# Whats a like NIB INOX 92 Vertec worth?



## Brandon_Lutz (Feb 1, 2006)

Was browsing at one of the local sportsman gun stealerships the other day and I saw a mint 92 INOX Vertec. I also noticed that everything in the hand gun case where it was located was on "Sale" I thought sweet! let me look at it.

Its on "sale" price was $750.. Normal price was $859. I looked at them like they were crazy. This is the same place that I vowed not to go back to after they tried to jack the price up on my order for my 96 Brig that I eventually bought elsewhere for much cheaper. However I was bored this weekend and I decided to stop by to just try my luck.

The gun however was in mint condition. Looked like it had not been shot much. Very clean, no dings or idiot marks either. It came with the case and 2 magazines the guy said. Basically it looked brand new but was slightly used. Original owner had it for like 4 weeks then brought it back to trade in on a 1911.

Whats a decent price for this gun? I know they are asking way too much but I was curious as what the average going price for a Inox Vertec is?


----------



## Shipwreck (Jan 26, 2006)

That's a rip off. I bought one (an Inox Vertec 92FS) in Feb 2005 for somewhere around $570. I can't remember the exact amount, but it was somewhere around there.

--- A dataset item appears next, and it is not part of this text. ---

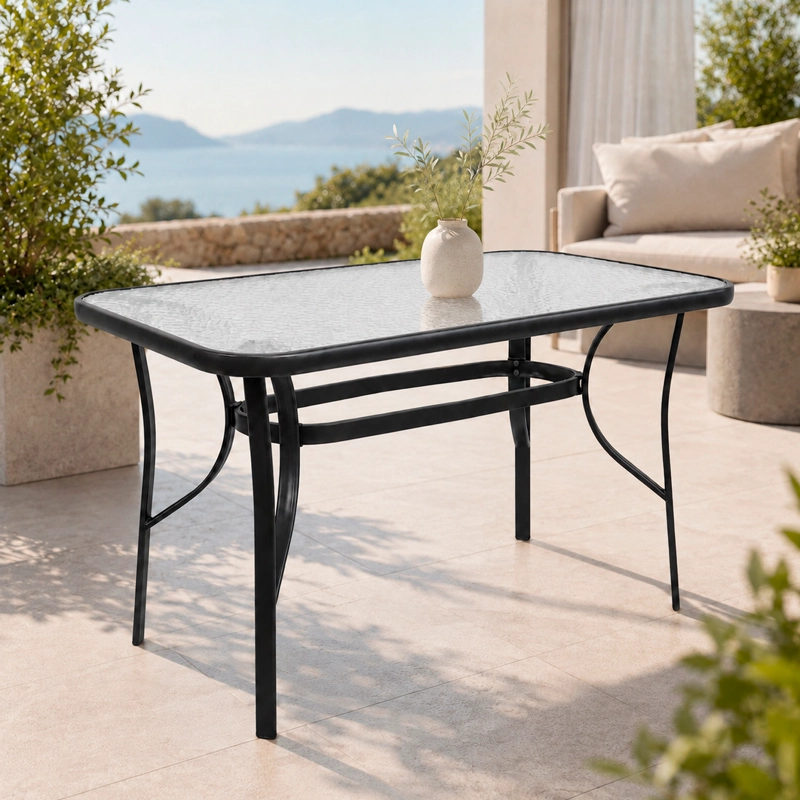 MESA TERRAZA VIDRIO Y ACERO 70x70x120 CM NEGRA - 6
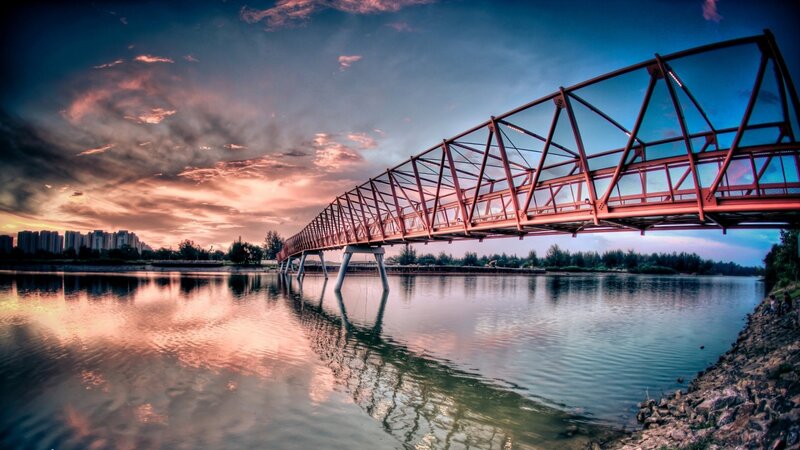 Red Pedestrian Bridge — Blue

It sounds as if you are saying that this is not even a new gun? No way! Too much $.


----------



## Shipwreck (Jan 26, 2006)

Oh, hey - what part of Louisiana are U from? I lived in Houma until I was 23.


----------



## Brandon_Lutz (Feb 1, 2006)

Shipwreck said:


> Oh, hey - what part of Louisiana are U from? I lived in Houma until I was 23.


I live in a little town called Saint Landry that is in Evangeline Parish. I currently work up in Alexandria.

Yea I figured it was a ripoff. Security Sporting Goods have their heads up their butts. I was down in Lafayette a few weeks ago, and Lafayette Shooters also wanted an arm and a leg for their Beretta 92's as well. A NIB 92Fs they wanted close to 700 there as well. Meanwhile, Academy has the NIB 92FS for 545.


----------



## Shipwreck (Jan 26, 2006)

Heck, at the Houston gunshows, I have seen plain 92FS's going for $450 new.


----------